(Data Opens)

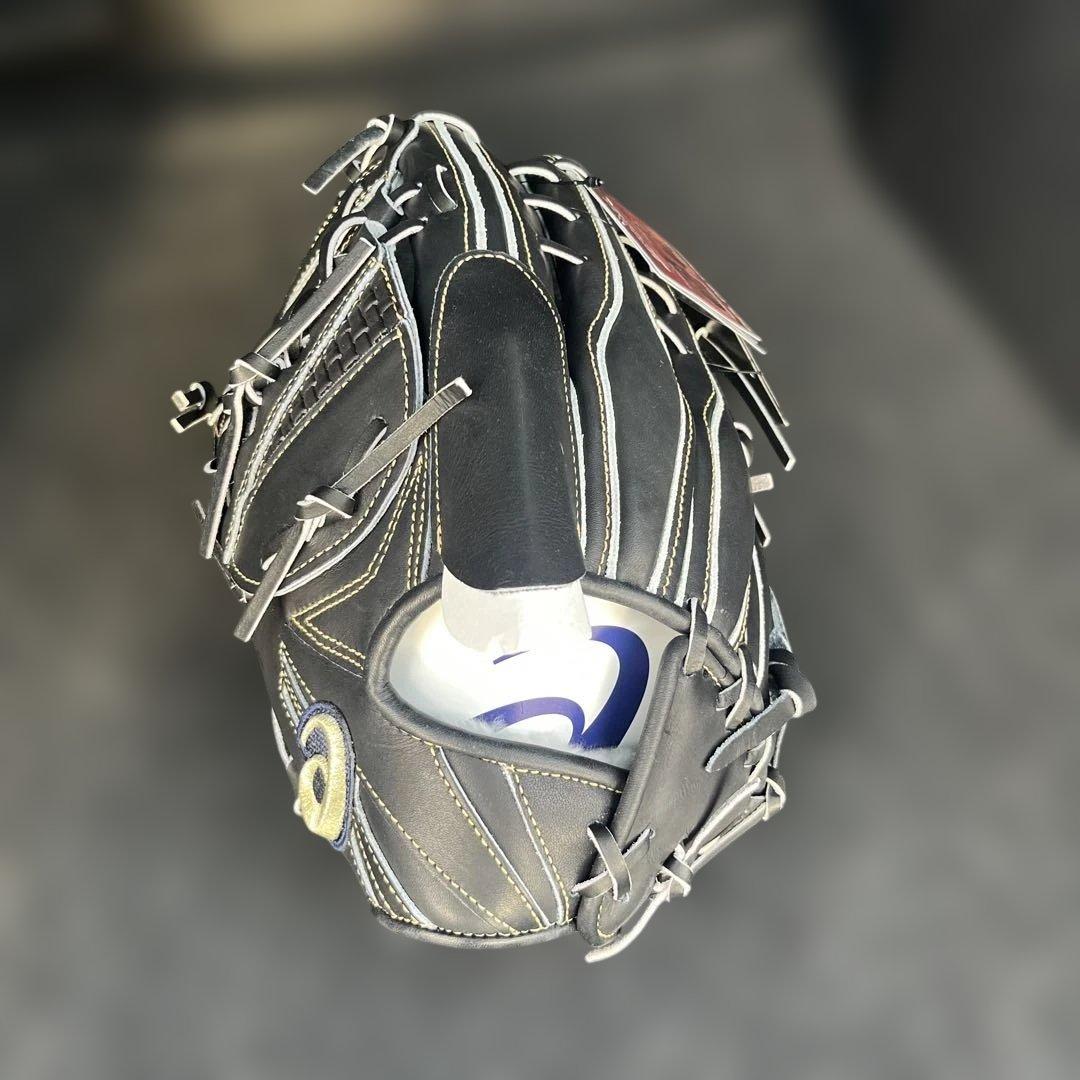 希少　未使用　asics 左投げ　硬式投手用GOLDSTAGE i-Pro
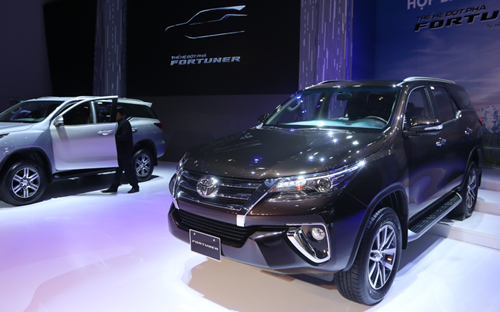 Fortuner2 cf4da Ngắm nhìn Toyota Fortuner mới có giá từ 981 triệu đồng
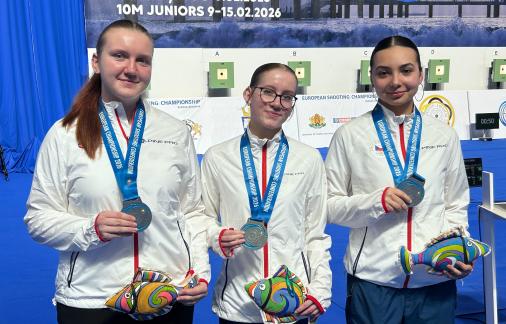 Pistolářky Breburdová, Marečková a Žabová slaví stříbro!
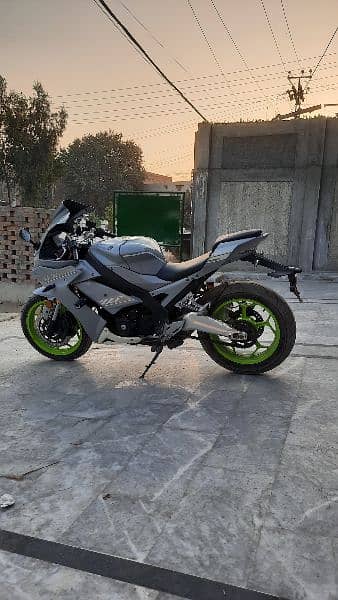 Yamaha R1 400cc 5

(Data Closes)

▶ _What this task involves_
Write out all of the data above exactly, without any of its pictures.

▶ _Response below_
 希少　未使用　asics 左投げ　硬式投手用GOLDSTAGE i-Pro
 Fortuner2 cf4da Ngắm nhìn Toyota Fortuner mới có giá từ 981 triệu đồng
 Pistolářky Breburdová, Marečková a Žabová slaví stříbro!
 Yamaha R1 400cc 5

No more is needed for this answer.